As a story about animation, the art and animation of it are critical. The studio, Science SARU, who brought us the fantastically gorgeous movie, Ride Your Wave, does not disappoint in the least. The level of detail, the art itself and the ability to depict different art styles for the main series as well as the in series animation being drawn/created is stellar. They do an excellent job of animating details where they’re showing how difficult it is to draw and animate details. I cannot imagine the skill levels necessary for that level of meta-work. To some extent, the entire show is explaining how awesome they are, and I’m fine with that because they did it so well. I like the slight variation in art styles between the anime itself and that of the characters. Plus, the differences in score choices, etc. the sounds were incorporated into the show quite well. They often signaled a transition between reality and the imaginative world.
If you have any interest in anime, (why would you be here otherwise?) then this is the story for you... it covers the ways in which it’s created in such a fun manner while still being anime. That’s to say that our protagonists face anime issues and are developed in a manner that makes us vested in them whilst still grabbing us with the intricacies and novelties if the premise itself to which exquisite detail is paid so that we know it’s not just a gimmick.

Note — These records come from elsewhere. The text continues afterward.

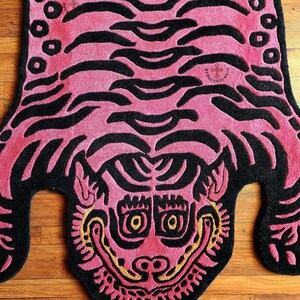 May include: Pink and black rug featuring a tiger face design. The tiger's face is stylised with large eyes and a wide mouth. The rug is made from a soft, plush material.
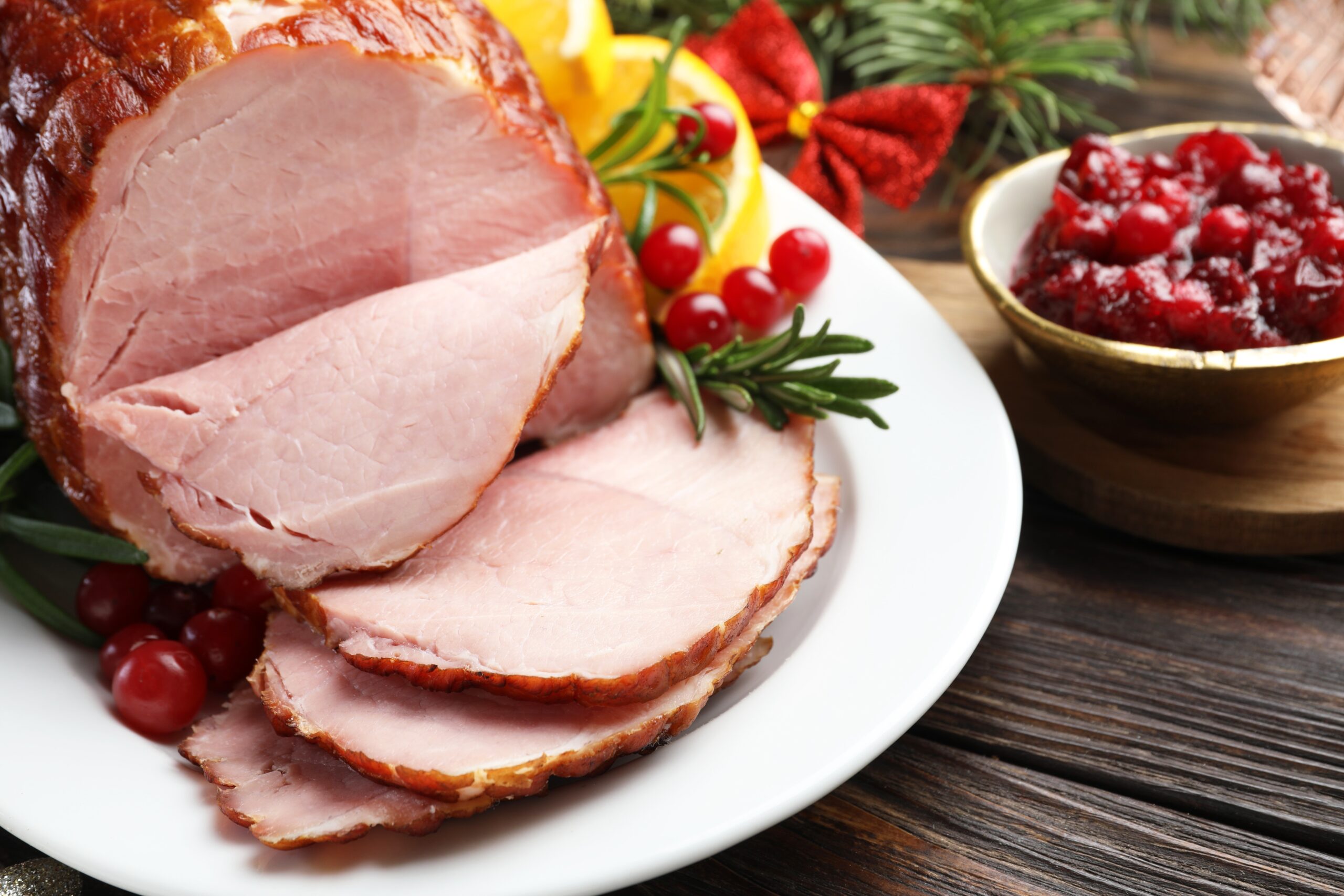 festive holiday ham sliced on a white plate with cranberries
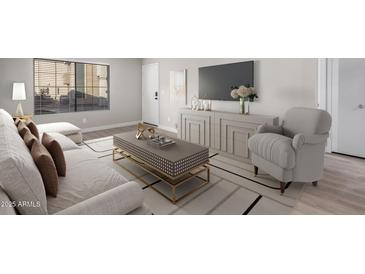 Cozy living room featuring modern furniture, neutral tones, and stylish decor at 1905 E University Dr # 162, Tempe, AZ 85288
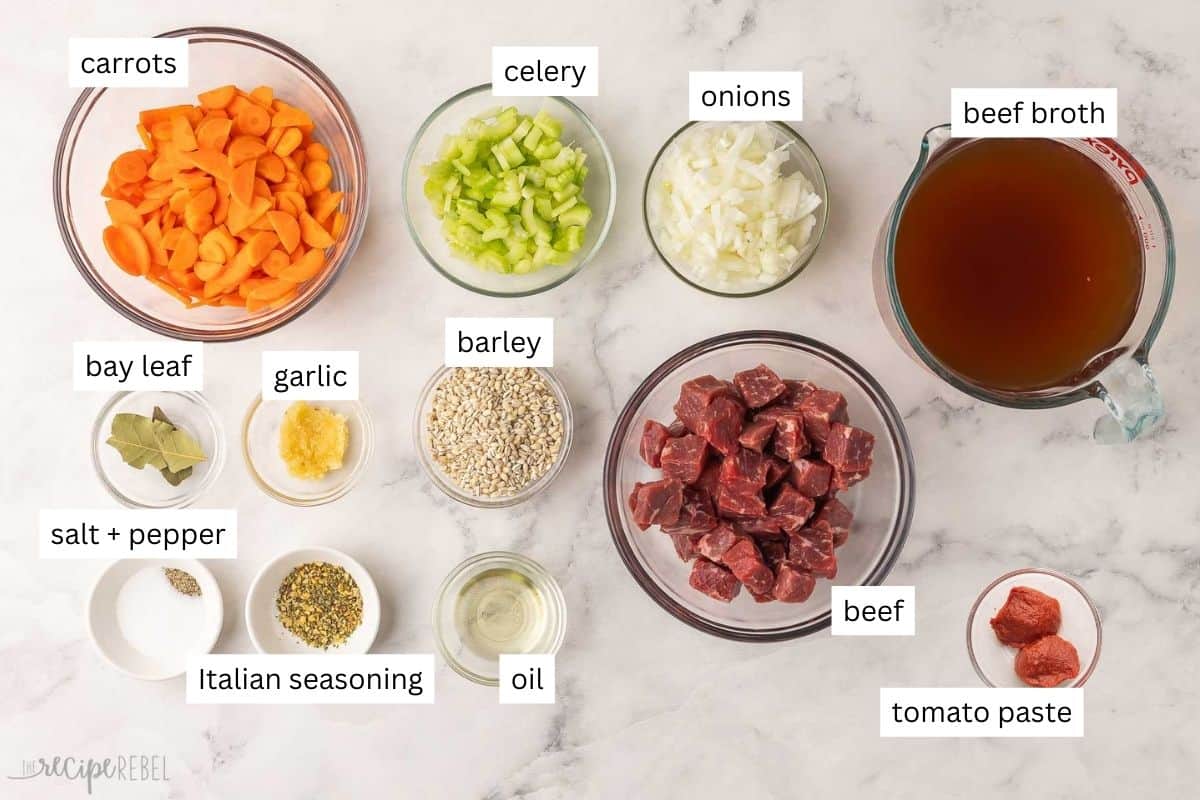 This Slow Cooker Beef Barley Soup is loaded with tender beef, barley, and vegetables simmering in a rich broth. It's the perfect crockpot meal for warming you up on a chilly day! #soup #recipe #dinner | soup recipes | beef recipes | comfort food | slow cooker soup | crockpot soups | crockpot meals | easy dinner ideas ingredients needed for slow cooker beef barley soup in bowls.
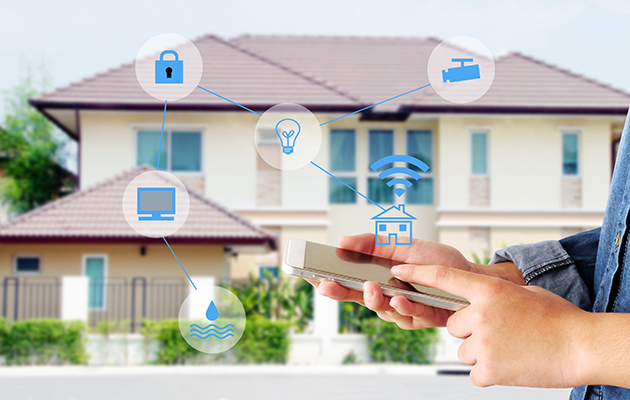 Ta styring over hele hjemmet Hender som holder en smarttelefon foran et stort hus.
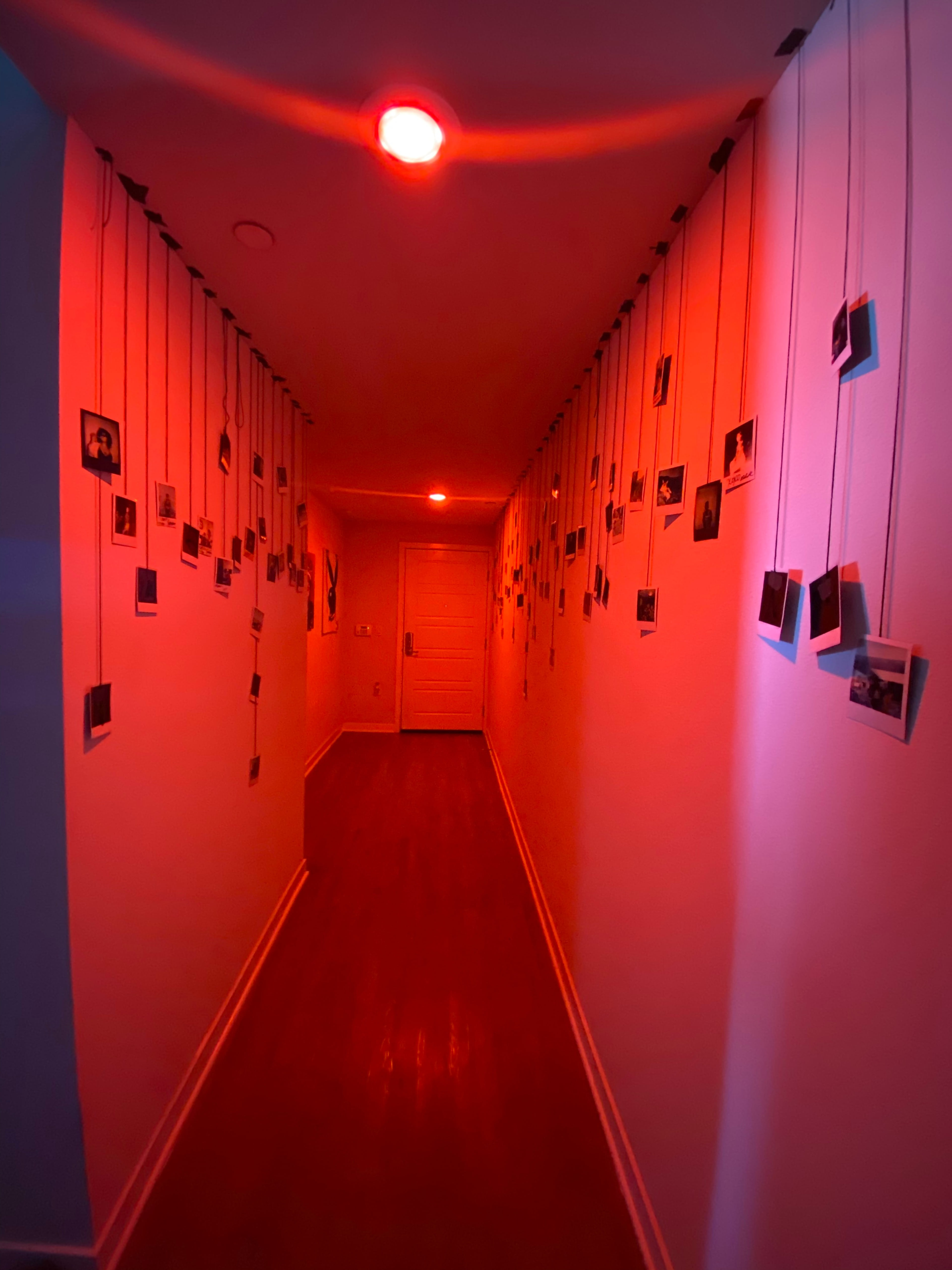 A narrow hallway is illuminated by a red light, with framed photographs hanging from strings along the walls.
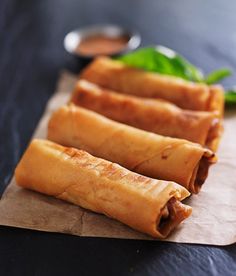 three spring rolls sitting on top of a piece of wax paper next to some dipping sauce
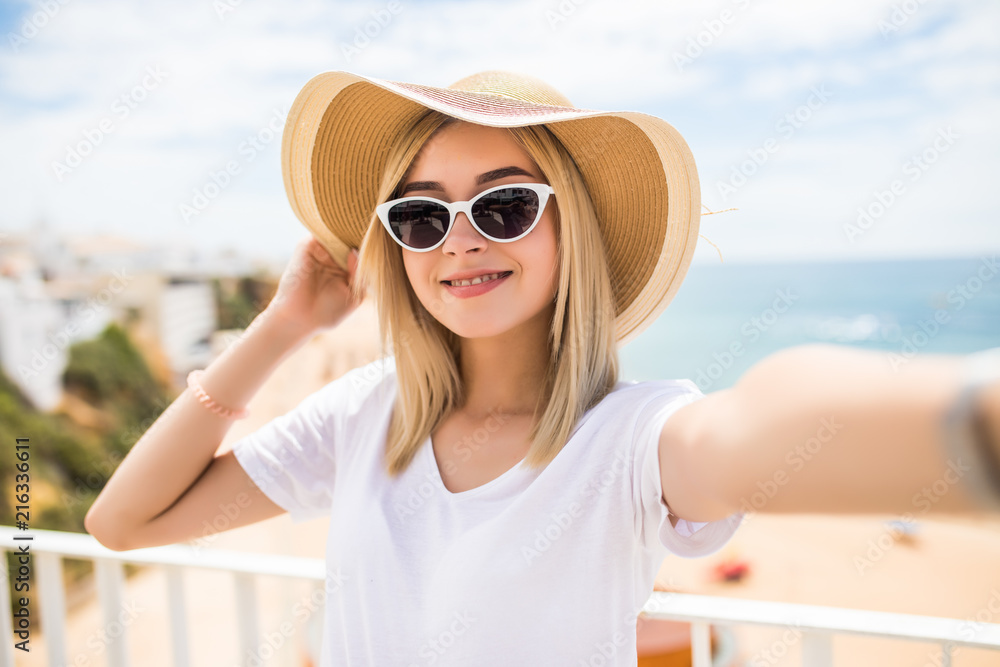 Beautiful woman in sunglasses and summer hat taking selfie on beach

The ways in which they incorporate issues like the chopsticks being animated incorrectly, the music being off for the scenes, the need to adjust animation techniques with sound and editing/shots, etc for the correct impact overall. The fact that Asakusa not having the final image in mind changed the meaning of the film as it was being done or the art student’s interpretation of her direction when he drew the scenes, things like that were spot on for problems that would occur in this type of specific setting with this character and the ways they were dealt with were great. The antagonists were just right for the situation and Kamanori handled them appropriately. Similarly, her personality and motives were explained and in context with the situation. She also seemed to have development with the series as it progressed.
Eizouken is a show with great animation, a well done plot and is a must see for anyone into anime, art or both. It’s got a nice balance of comedy and quirky adventure with that high school get’em done feel that we all enjoy. It’s the squad that you want to see succeed and the endeavors that you feel like you’re a part of creating.